Why This Blog?

Why am I writing a blog? Aside from the usual cynical self-centered reasons, a significant part of me wants to help you. (My “other careers” were devoted to helping others also.)

For almost 40 years I have been trying to become a paid fiction writer, and I wrote my first short story when I was about ten. (I was the goofball who volunteered to recite poetry in my eighth grade class. Sound familiar?) Becoming a writer, specifically a fiction writer, seemed an obvious career path. Despite all other professions, I always worked on my craft. I wrote in the middle of factories while waiting for my turn on the warplanes, I wrote at various jobs from 4 AM until 6 AM, I wrote after work into the evenings alone hunched over a yellow notepad or a manual typewriter. Always I believed one day I would be paid for my effort. I knew with absolute certainty that I would eventually make enough money from my writing to be “successful”(at least enough to pay for so many years of paper and ink). However, I must now face it squarely. I have failed, or am failing, and time is running out fast. Perhaps these blogs should be titled Confessions of a Failed Novelist.

Sure, you may say, “But he’s published! He’s won fiction prizes. Nominated for a Pushcart Prize! Praised in the St. Louis Post-Dispatch.” And so on, and on. My bio sounds impressive enough — novels, short stories, poems, and articles. I have no doubt about their quality. And you may say I should still retain a shred of hope, that there is still time.

In order to write fiction for so many years, or to write anything at all, you must believe in yourself and your writing. You must be tenacious, you must believe that what you are writing is absolutely the best. Without that, it is difficult to produce much. I still believe that I have produced my “personal masterpiece” in a novel I initially wrote around 1977, revised about fifteen times (some sentences and scenes much more of course), and finally “finished” in 2010. But I have come to the conclusion that hardly anyone will actually read it. So in retrospect, my absolute belief, which is absolutely required to produce fiction, has become a grand lifelong delusion.

Have I climbed my mountain only to freeze to death on the summit? Along the way, I made choices that now seem like big mistakes. Because I believed I would be paid to write fiction, I passed up other career opportunities. Like an addict I’ve tried to stop, but can’t. However, I made my decisions and I stand by them. Why should I expect someone to pay me for my addiction?

How will my blogs help you? I’m not sure, but my goal is to offer practical reflections and tips.
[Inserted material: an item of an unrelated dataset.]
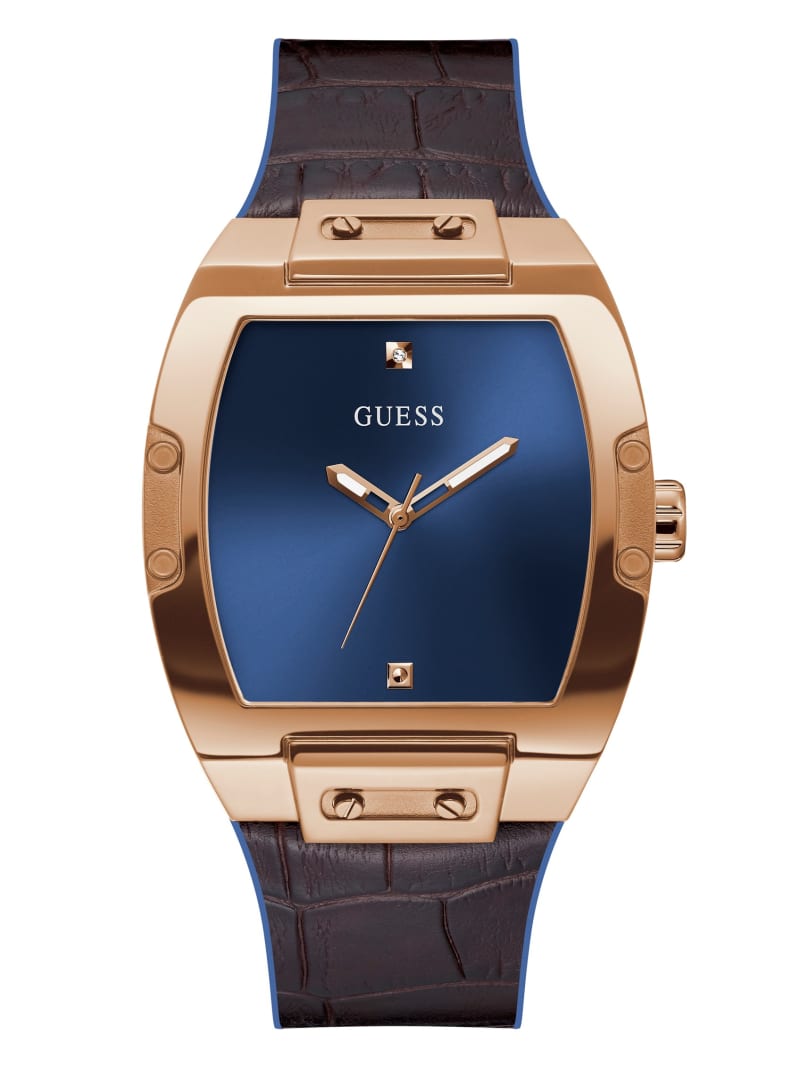 Zegarek Męskie Guess Rose Gold-Tone and Navy Barrel Analog Kolorowe | 3278519-QT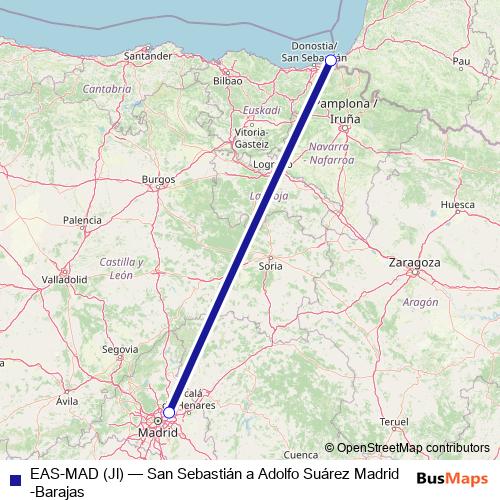 EAS-MAD (Jl) air Line Map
If you chose to interact with me, be as upbeat or cynical and sarcastic as you like. I welcome it. And I will try to end each blog with a tip and a question.

According to my tax lady, when your personal business doesn’t show a profit every third year, it’s called a “hobby.” Consider applying that criteria to your writing.

What are your goals? At what point does belief turn into delusion?

As with all of my writing, please feel free to feed this blog to the fish.